Dadi Tjokrodipo (RSUDDT) Bandar Lampung dengan alasan yang tidak jelas. Kondisinya sangat memprihatinkan, seharusnya pasien ini mendapat perhatian khusus.
Kejadian
yang menimpa pasien rumah sakit dr. A. Dadi Tjokrodipo (RSUDDT) ini, mengingatkan
saya pada satu kasus yang pernah dialami oleh pasien di salah satu RSUD dikota
Baubau tahun 2009 lalu, seorang ibu hamil yang hendak melahirkan. Ia menjadi salah satu pasien rawat inap rumah sakit. Setelah bebarapa hari dirawat diruang bersalin, ibu itu akhirnya
dikaruniai seorang anak laki-laki, kebahagiaan mereka begitu dirasakan setelah mendapatkan buah
hati mereka yang lahir dengan selamat. Tapi sayang, rupanya rasa itu tidak begitu lama, saat petugas memberikan nota tagihan atas biaya yang harus diselesaikan selama berada
dirumah sakit. Melihat total dari biaya melahirkan, harga obat dan nginap. Sontak, ibu yang
belum lama melahirkan itu bingung dengan jumlah yang melangit. Niat sang ibu
untuk membawa pulang buah hatinya terhenti karena harus melunasi ongkos
rumah sakit. Moh. Chalik nama si bayi mungil itu, terpaksa ia harus bertahan
didalam tabung bayi di ruang bersalin, saat itu ia dipisahkan dari ibunya untuk
sementara waktu.
Keluarga
Moh.Chalik memang tergolong warga yang kurang mampu sehingga biaya rumah sakit
tak mampu mereka bayar, pihak rumah sakit waktu itu sengaja menahan bayi dari
ibu Moh.Chalik sebagai jaminan agar bisa melunasi semua biaya yang dibebankannya. Ayah
Moh.Chalik hanyalah tukang ojek yang bermodalkan motor rekannya, pekerjaannya
menjadi tukang ojek dengan berpenghasilan rendah sedangkan isterinya tak
mempunyai pekerjaan tetap. Kehidupan keluarga Moh. Chalik memang serba kekurangan,
mungkin kebahagiaan mereka peroleh hanya saat setelah bayi mungil pertama yang
dilahirkannya sehat dan selamat, bayi yang seharusnya mendapat kehangatan dari
pelukan sang ibu, saat itu harus terpisah dari ibunya. Bayi itu terpaksa harus
dipisahkan karena dikhawatirkan akan dibawa pulang, bayinya menjadi
jaminan atas biaya persalinan. Andai saja bayi mungil itu mengetahui kalau
dirinya menjadi jaminan atas biaya rumah sakit, mungkin saja dia memilih untuk
tidak lahir ditempat itu.
Mendengar kejadian itu, Lembaga Bantuan Hukum (LBH) Baubau langsung melakukan investigasi. Dari keterangan yang
diperoleh melalui keluarga Moh. Chalik, benar mereka mendapatkan perlakuan yang sebelumnya mereka tak duga. “kita belum bisa pulang, kecuali kita kasih lunas dulu biaya
persalinan ditambah biaya nginap disini, bisa kita pulang tapi anakku dititip
dulu”, kata sang ibu. Mendengar pernyataan itu, LBH Baubau langsung melakukan
upaya mediasi bersama pihak rumah sakit. Dari keterangan diperoleh, pihak rumah
sakit membenarkan jika si pasien memang tak sanggup untuk menebus biaya
administrasi persalinan selama berada disini, "olehnya itu kita tahan dulu bayinya", kata sang dokter.

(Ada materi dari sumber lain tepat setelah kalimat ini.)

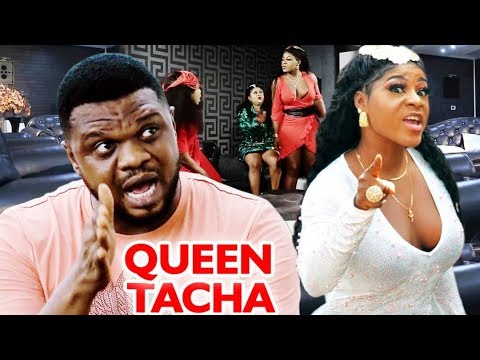Queen Tacha Complete Season 3&4 - Destiny Etico Ken Erics 2020 Latest Nigerian Nollywood Movie HD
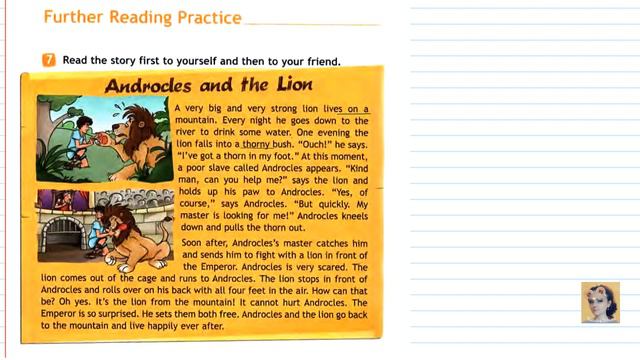 83.3 Spotlight 4. Further Reading Practice. Texts 1-6. Student's Book p.150- 155 Audio Karaoke смотреть онлайн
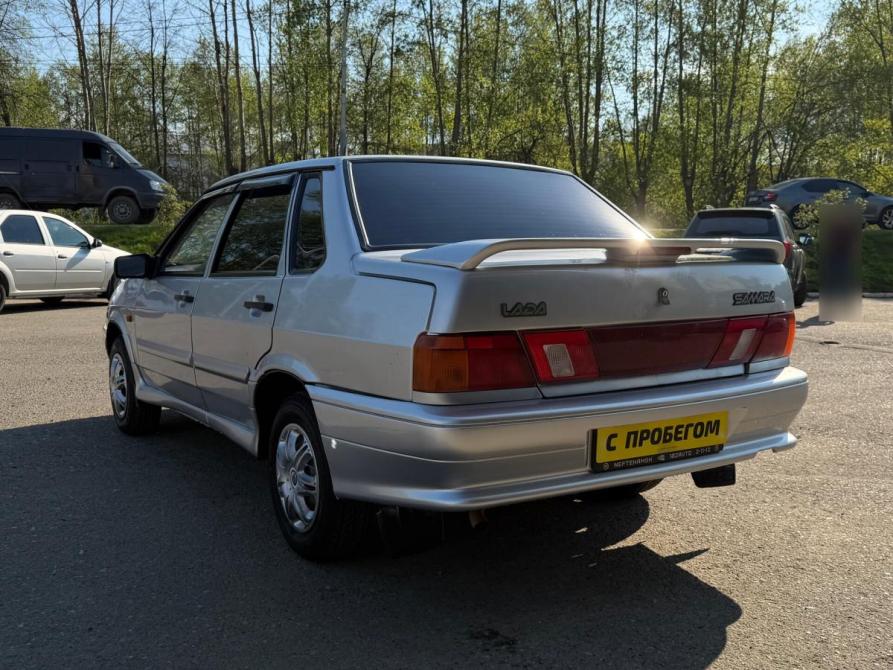 Lada (ВАЗ) 2115 Нефтекамск  - изображение 6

Dari jawaban itu, LBH Baubau
sangat menyayangkan kebijakan rumah sakit yang tak memberi toleransi waktu bagi
si pasien agar bisa melunasi semua biaya yang dibebankannya, LBH Baubau mengambil inisiatif dengan melakukan penggalangan
dana untuk membantu biaya persalinan keluarga Moh.Chalik.
Aksi kemanusiaan itu dilakukan beberapa hari untuk mencukupi biaya persalinan ibu Moh.Chalik, berkat bantuan dari masyarakat, hasil yang didapat cukup untuk
membebaskan bayi mungil Moh. Chalik dari penyanderaan pihak rumah sakit.
langkah ini diambil sebagai bentuk keprihatinan kita atas warga miskin yang tak
mampu membayar ongkos rumah sakit.
Memang
benar apa yang pernah ditulis oleh Eko Prasetyo dalam bukunya “Orang Miskin
Dilarang Sakit”, rumah sakit lebih mengutamakan pasien yang mempunyai kapital
dan mereka mendapatkan pelayanan paling istemewa dibanding dengan pasien miskin
yang kurang mendapat perhatian.
Kejadian
yang menimpa Suparman bin Sairun alias Mbah Edi, pasien yang dibuang dari rumah
sakit dr. A. Dadi Tjokrodipo (RSUDDT) di
Bandar Lampung dan Keluarga Moh. Chalik yang datang bersalin dirumah sakit,
hanya sedikit dari banyaknya persoalan pelayanan rumah sakit yang tak memberi
ruang bagi warga miskin untuk berobat.